→ **ASSIGNMENT**
Using the entries below, copy exactly each line from the line with "A Pumpkin Black" up to and including the line with "Steve Austin con Paul Heyman", with every picture left out.

→ **RECORDS FOR THIS TASK**
== Segment start ==

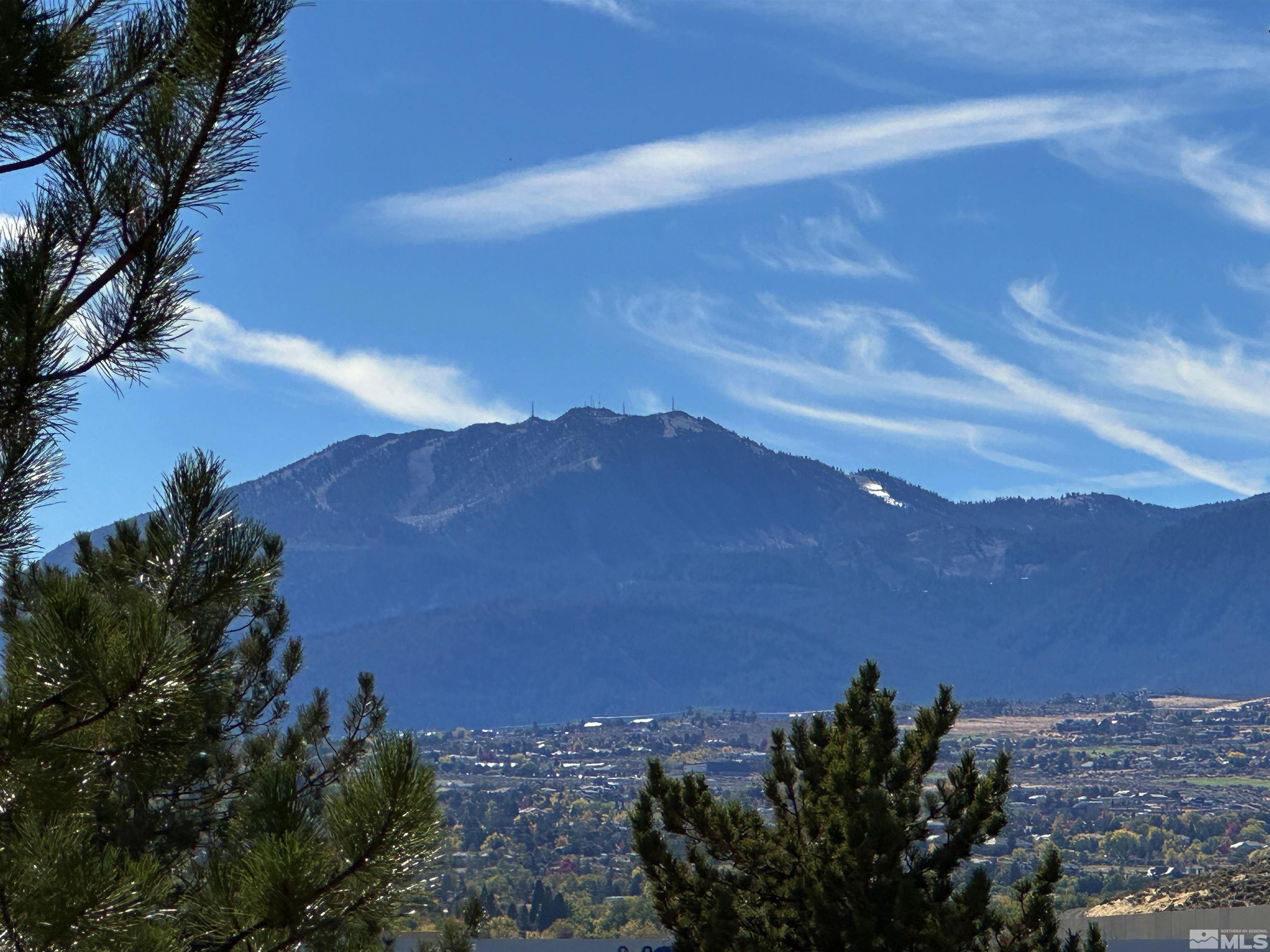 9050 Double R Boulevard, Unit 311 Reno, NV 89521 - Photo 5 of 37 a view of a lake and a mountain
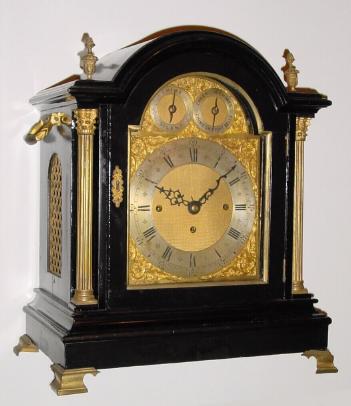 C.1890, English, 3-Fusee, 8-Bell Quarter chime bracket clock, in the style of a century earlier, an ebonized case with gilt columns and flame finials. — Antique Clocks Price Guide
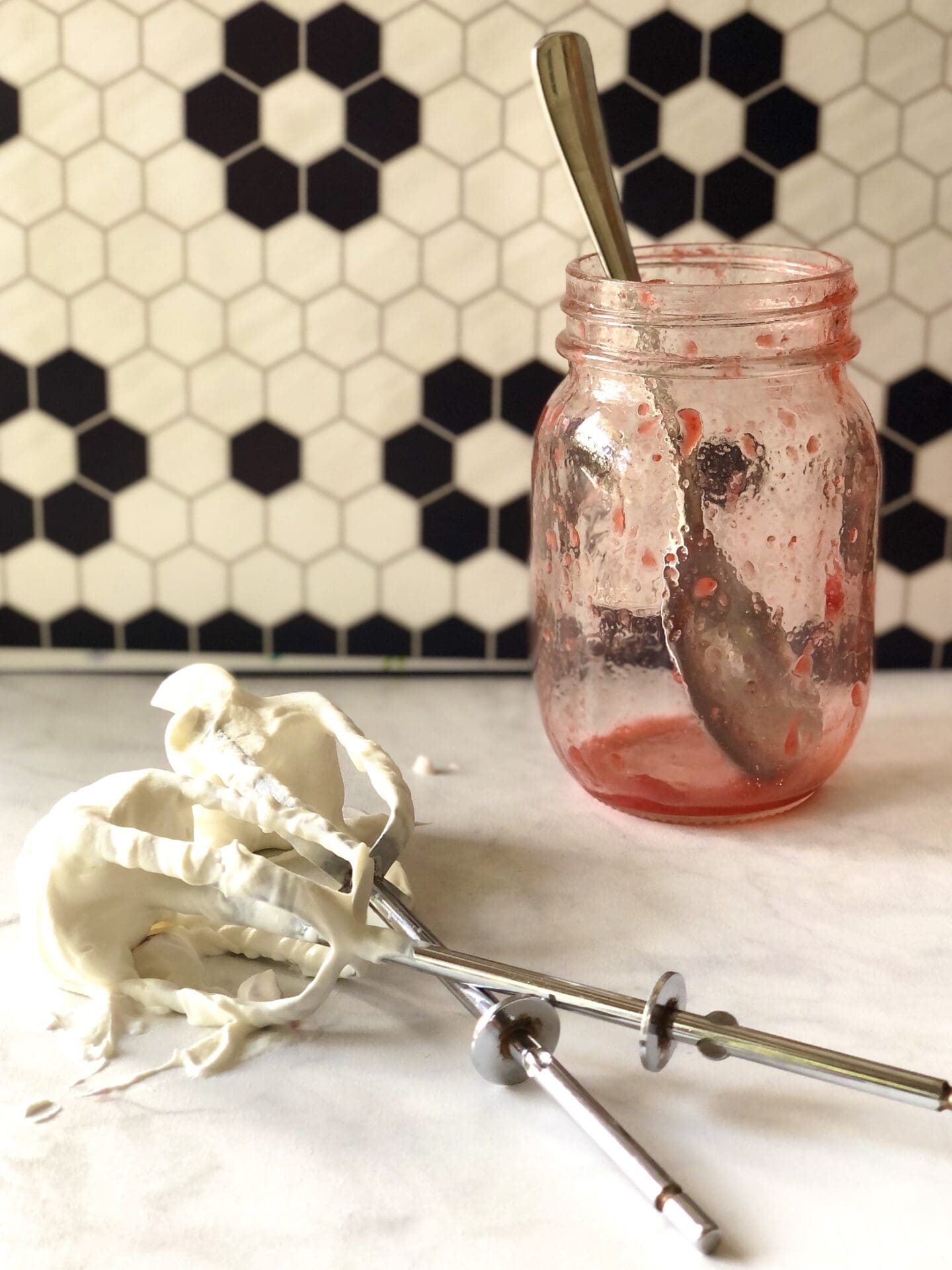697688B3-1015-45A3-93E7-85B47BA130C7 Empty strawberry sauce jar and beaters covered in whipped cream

== Segment end ==
== Segment start ==

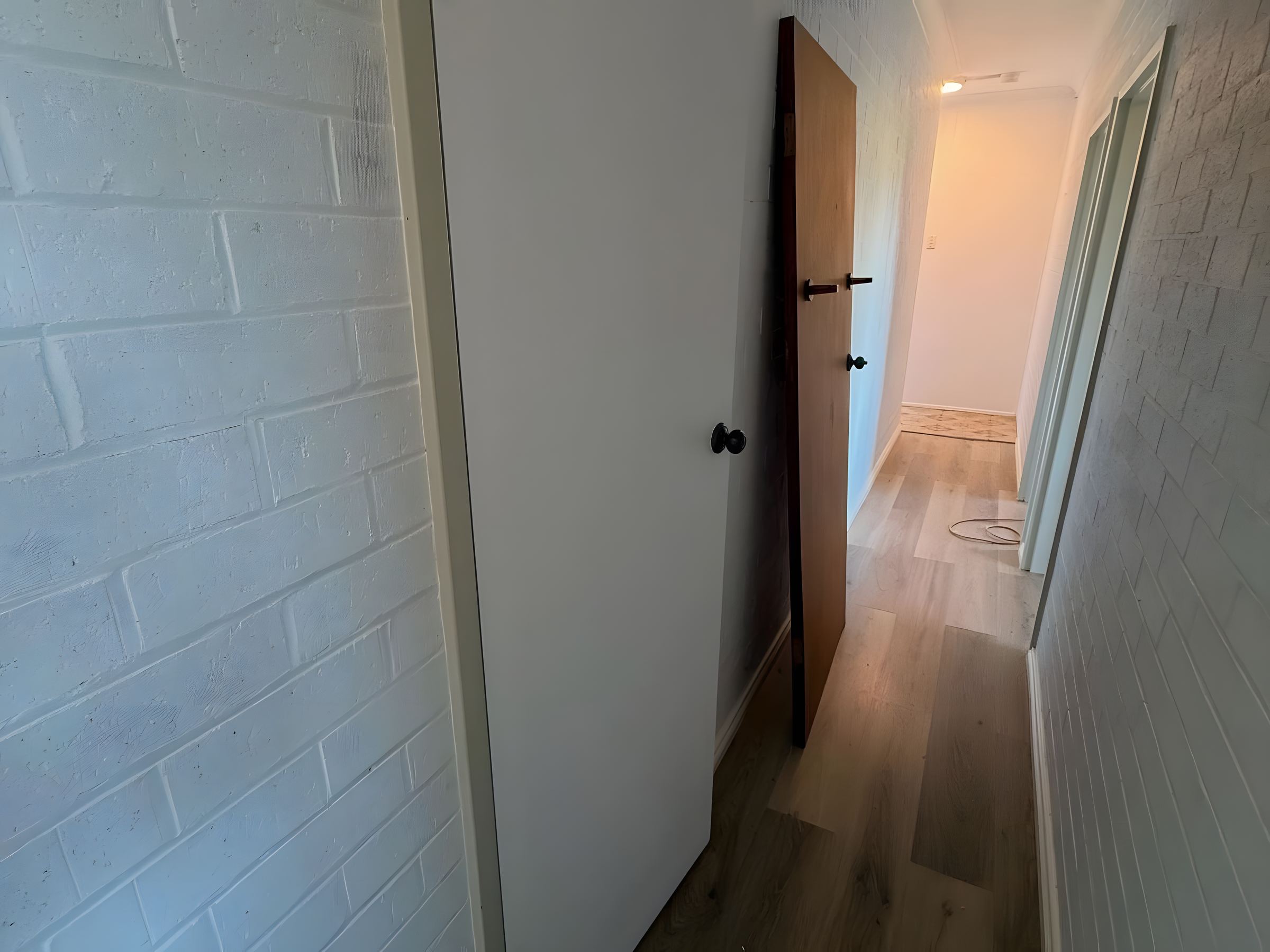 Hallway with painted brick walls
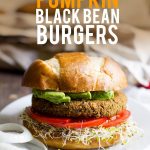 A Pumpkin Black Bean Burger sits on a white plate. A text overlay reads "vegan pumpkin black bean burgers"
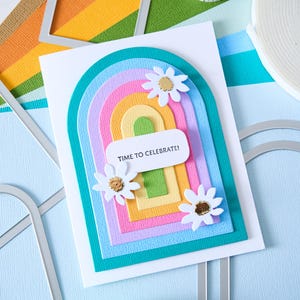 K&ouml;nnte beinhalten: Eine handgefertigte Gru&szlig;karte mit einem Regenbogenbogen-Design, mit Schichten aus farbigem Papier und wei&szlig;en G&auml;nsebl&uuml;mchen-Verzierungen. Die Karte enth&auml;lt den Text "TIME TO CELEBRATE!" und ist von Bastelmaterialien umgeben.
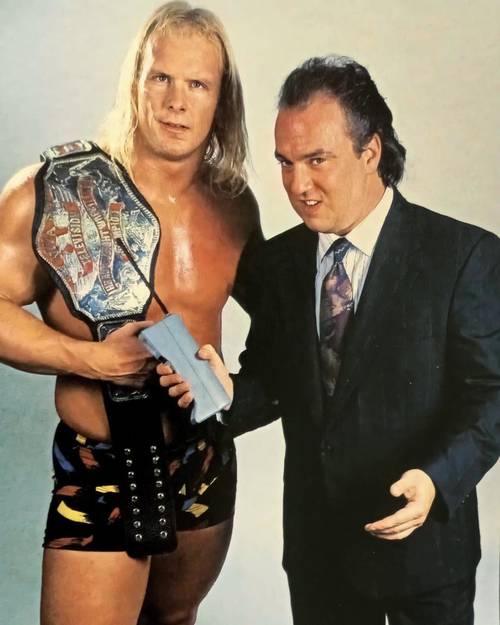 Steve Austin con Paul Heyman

== Segment end ==

→ **RESULT BELOW**
 A Pumpkin Black Bean Burger sits on a white plate. A text overlay reads "vegan pumpkin black bean burgers"
 K&ouml;nnte beinhalten: Eine handgefertigte Gru&szlig;karte mit einem Regenbogenbogen-Design, mit Schichten aus farbigem Papier und wei&szlig;en G&auml;nsebl&uuml;mchen-Verzierungen. Die Karte enth&auml;lt den Text "TIME TO CELEBRATE!" und ist von Bastelmaterialien umgeben.
 Steve Austin con Paul Heyman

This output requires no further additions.